[Data to examine Boundary: Start]

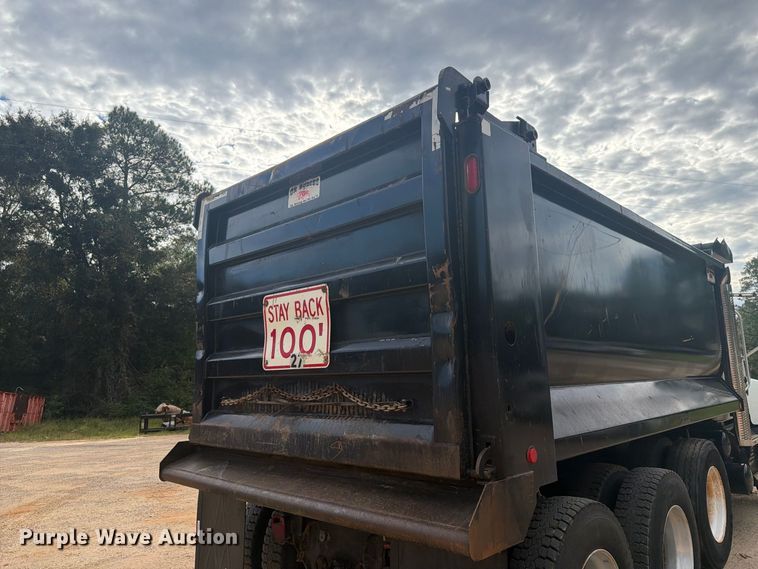 image for item ZA0836 2021 Mack Granite dump truck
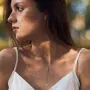 Кольє з білого золота з фіанітами.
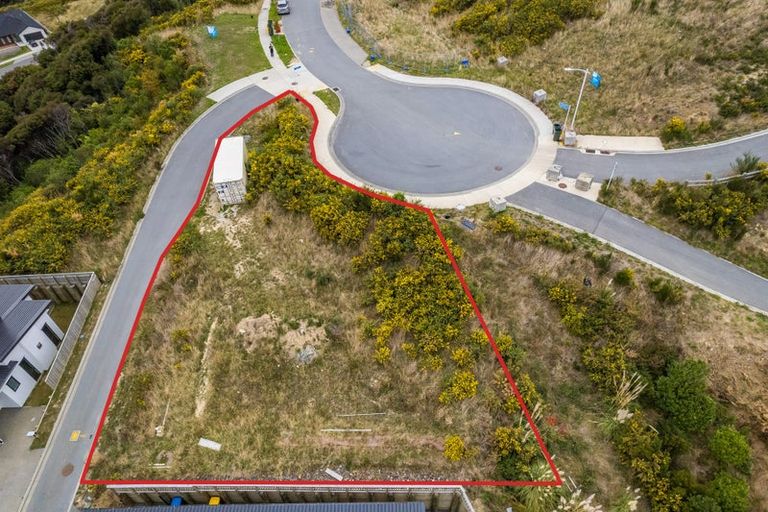 Photo of property in 1 Trysail Place, Whitby, Porirua, 5024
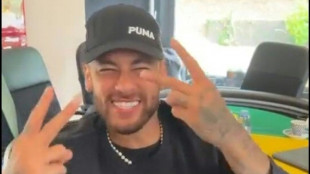 Brésil: Neymar se défend après avoir affiché un soutien public à Bolsonaro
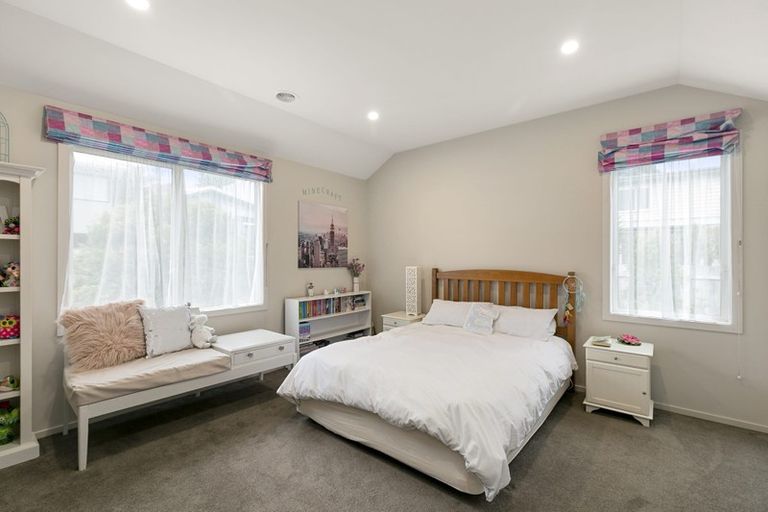 Photo of property in 5 Winsley Terrace, Churton Park, Wellington, 6037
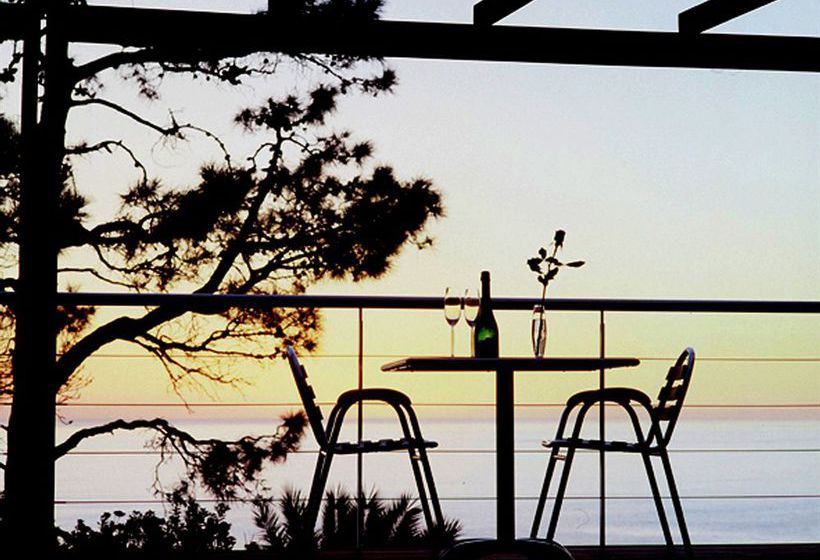 Pension (Hôtel basse catégorie) Atlantic House 1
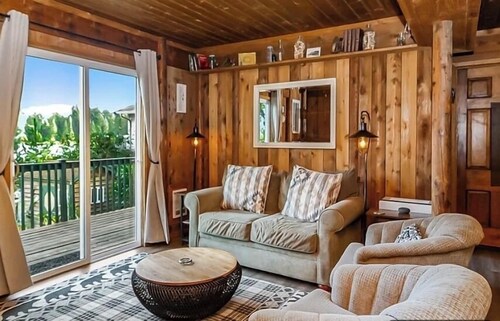 Charming 1 bedroom cabin on Lake Bosworth. Close to  historic downtown Snohomish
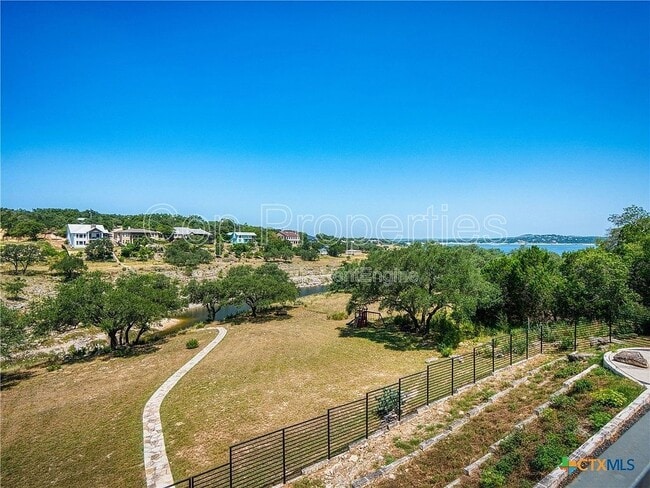 Building Photo - 321 Village View Dr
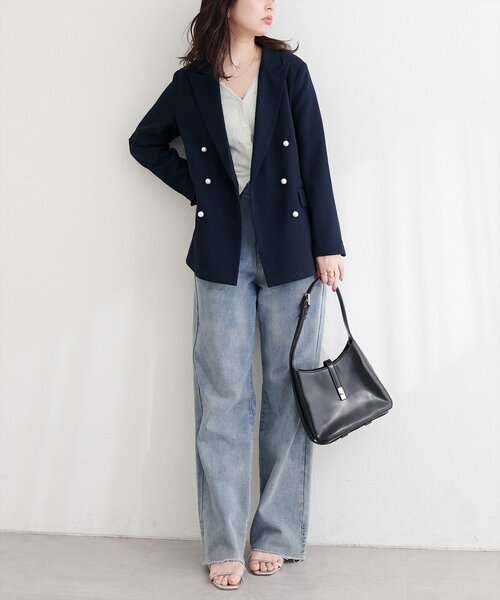 natural couture(ナチュラルクチュール)の「〈osono〉パール釦テーラードジャケット(テーラードジャケット・レディース・グレー/ネイビー/ライトベージュ・FREE)」の16枚目の写真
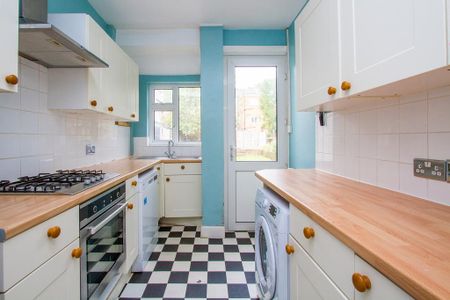 4 bedroom terraced house to rent - Photo 3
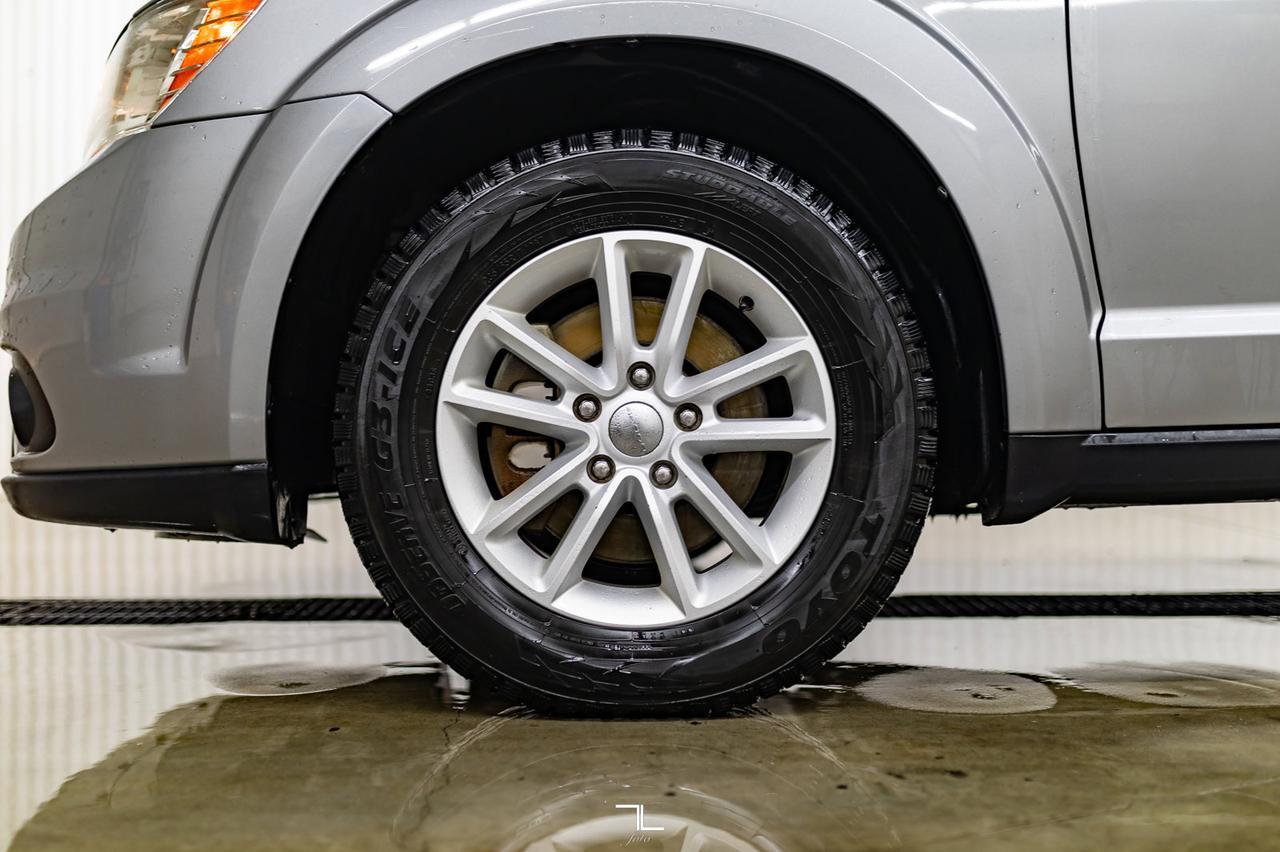 2016 Dodge Journey SXT Nav BCam DVD 3rd Row Red Deer AB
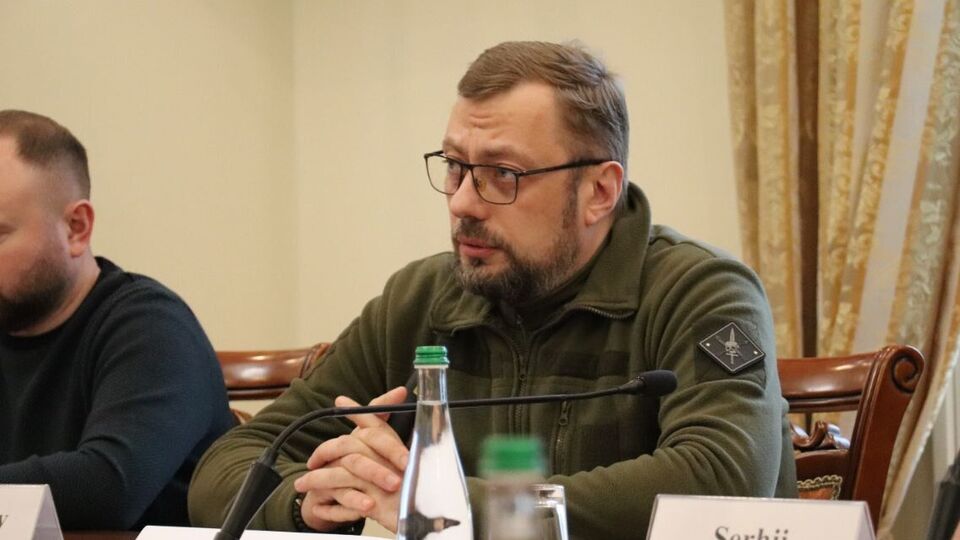 За словами Чауса, росіяни поцілили по одному з домогосподарств у Семенівській громаді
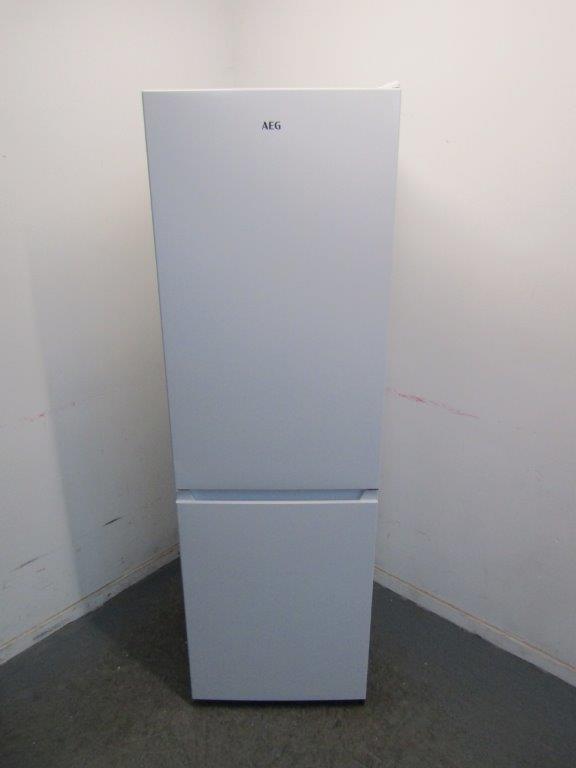 AEG ORC6M301DW 60cm TwinTech No Frost Fridge Freezer in White GRADE B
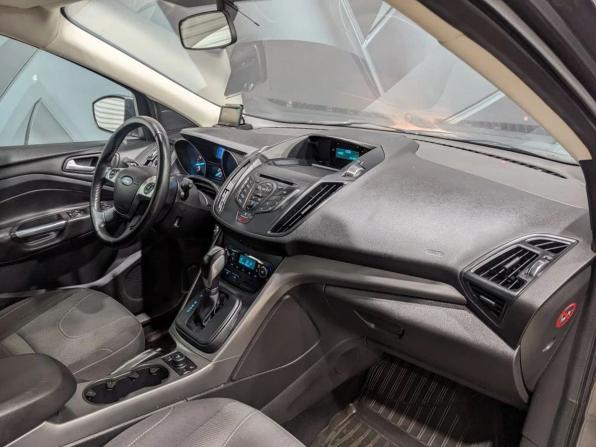 Ford Kuga II Рестайлинг с пробегом 2016 года, цена 1 445 000 рублей, 211500 км, внедорожник, Автокод Объявления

[Data to examine Boundary: End]

Task to carry out: Starting where a line contains "AEG ORC6M301DW 60cm" and finishing at the last line above, set down every line exactly as it reads, with no pictures.

Result below:
 AEG ORC6M301DW 60cm TwinTech No Frost Fridge Freezer in White GRADE B
 Ford Kuga II Рестайлинг с пробегом 2016 года, цена 1 445 000 рублей, 211500 км, внедорожник, Автокод Объявления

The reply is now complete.